Certainly, Centrica is set to move away from its oil and gas business interests. It will instead focus on the supply of domestic energy and could therefore become a more stable and robust investment. This would be good news for income-seeking investors who favour a more stable dividend outlook and with Centrica yielding 6.1%, it remains a very appealing dividend stock for the long term.
Clearly, Centrica is undergoing a period of major change at the moment and this brings considerable risk. But with it expected to deliver vast cost savings as well as an improved profit outlook, its price-to-earnings (P/E) ratio of 13.3 indicates that it offers excellent value for money.
Short-term risks
Also falling since the turn of the year have been shares in Genel Energy (LSE: GENL). They’re down by 26% year-to-date and this is largely because of weakness in the oil and gas sector. However, as the price of oil has picked up in recent weeks, shares in Genel have risen as per the rest of the industry, with Genel’s share price up by 5% in the last month alone.
While further gains to Genel’s share price can’t be ruled out if the price of oil rises above $50 per barrel, investors may be able to obtain a superior risk/reward opportunity elsewhere in the sector.
That’s because as well as the risk of losses from a fall in the price of oil, Genel appears to offer less stability than a number of its peers. It faces significant geopolitical risk within the Northern Iraq region, while it will be forced to make major impairments this year due to a reduction in reserves estimates. As such, and while its long-term future may be highly profitable, Genel doesn’t appear to rank as a must-have resources stock at the moment.
Rockhopping
Meanwhile, shares in Rockhopper (LSE: RKH) have surged by 40% since the turn of the year. It has been significantly boosted by an independent audit of reserves at its offshore Falkland Islands operations, with there apparently being much more oil there than was previously thought.

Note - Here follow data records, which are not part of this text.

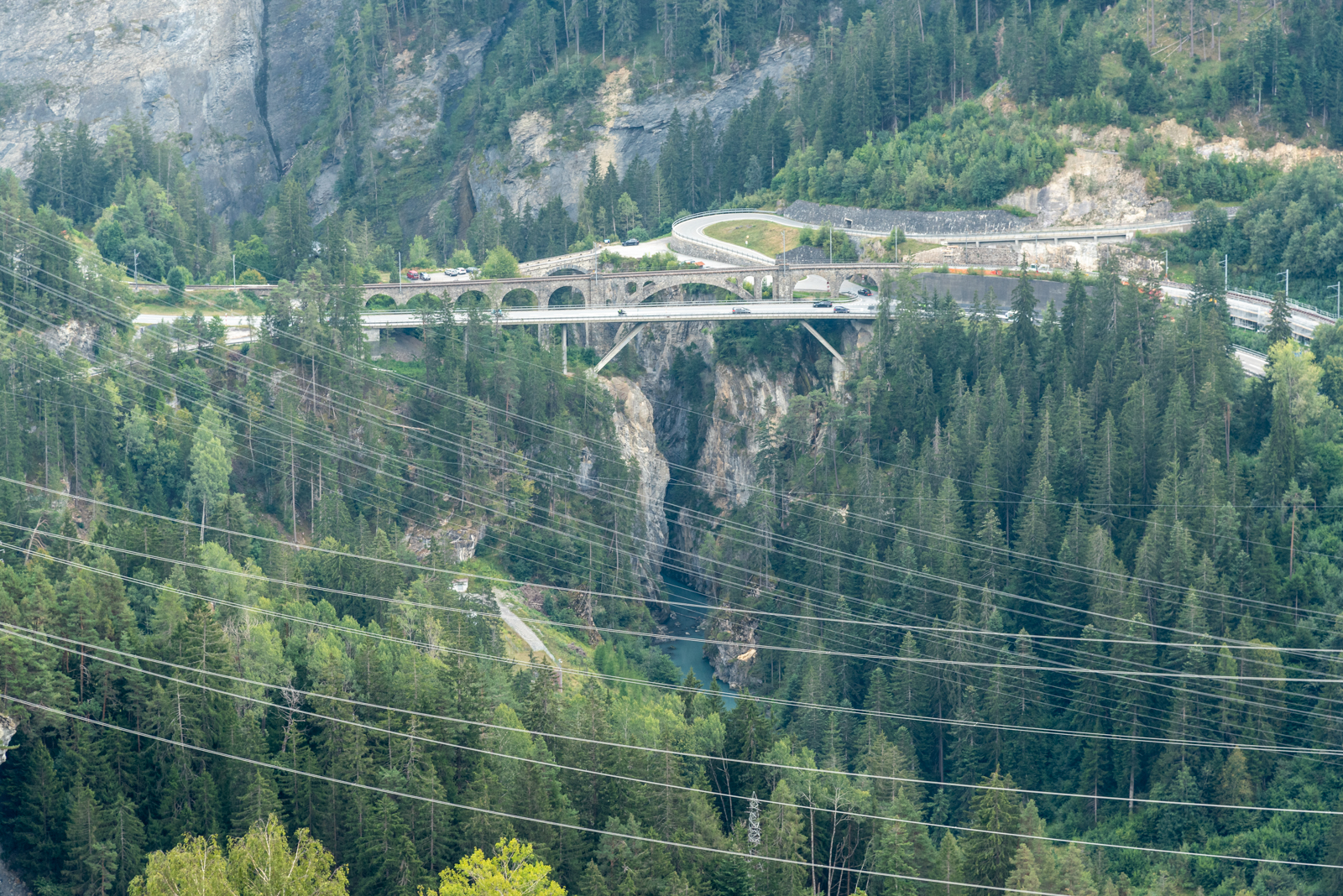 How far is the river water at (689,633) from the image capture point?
134000mm

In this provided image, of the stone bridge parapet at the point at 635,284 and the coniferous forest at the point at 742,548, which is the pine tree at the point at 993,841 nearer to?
the coniferous forest at the point at 742,548

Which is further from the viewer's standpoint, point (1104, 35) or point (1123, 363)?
point (1104, 35)

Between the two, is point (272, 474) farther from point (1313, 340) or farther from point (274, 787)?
point (1313, 340)

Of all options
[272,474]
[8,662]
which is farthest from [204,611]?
[272,474]

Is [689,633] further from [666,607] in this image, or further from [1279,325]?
[1279,325]

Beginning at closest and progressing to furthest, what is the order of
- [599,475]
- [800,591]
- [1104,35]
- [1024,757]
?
[1024,757], [800,591], [599,475], [1104,35]

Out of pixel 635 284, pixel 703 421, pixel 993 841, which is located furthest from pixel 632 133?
pixel 993 841

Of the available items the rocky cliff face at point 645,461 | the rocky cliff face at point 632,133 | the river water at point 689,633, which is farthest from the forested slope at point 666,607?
the rocky cliff face at point 632,133

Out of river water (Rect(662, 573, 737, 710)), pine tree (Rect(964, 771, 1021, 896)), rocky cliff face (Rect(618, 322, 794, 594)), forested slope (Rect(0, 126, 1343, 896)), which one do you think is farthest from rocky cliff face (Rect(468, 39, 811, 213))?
pine tree (Rect(964, 771, 1021, 896))

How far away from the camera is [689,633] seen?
140875 mm

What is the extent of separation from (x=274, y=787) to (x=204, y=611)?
11264mm

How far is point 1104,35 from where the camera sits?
6540 inches

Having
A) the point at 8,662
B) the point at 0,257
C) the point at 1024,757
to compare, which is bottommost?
the point at 1024,757

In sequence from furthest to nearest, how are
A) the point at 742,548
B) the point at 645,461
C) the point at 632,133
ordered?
the point at 632,133 < the point at 645,461 < the point at 742,548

This is excellent news for the company and means that its long-term future is now a little brighter than it previously was. And with it having merged with Falkland Oil & Gas, Rockhopper now appears to be more financially sound and in ownership of a more appealing asset base than was previously the case.
While Rockhopper is a relatively small and therefore higher-risk company, it has significant potential to deliver further capital gains. As such, for less-risk averse investors it could prove to be a sound buy.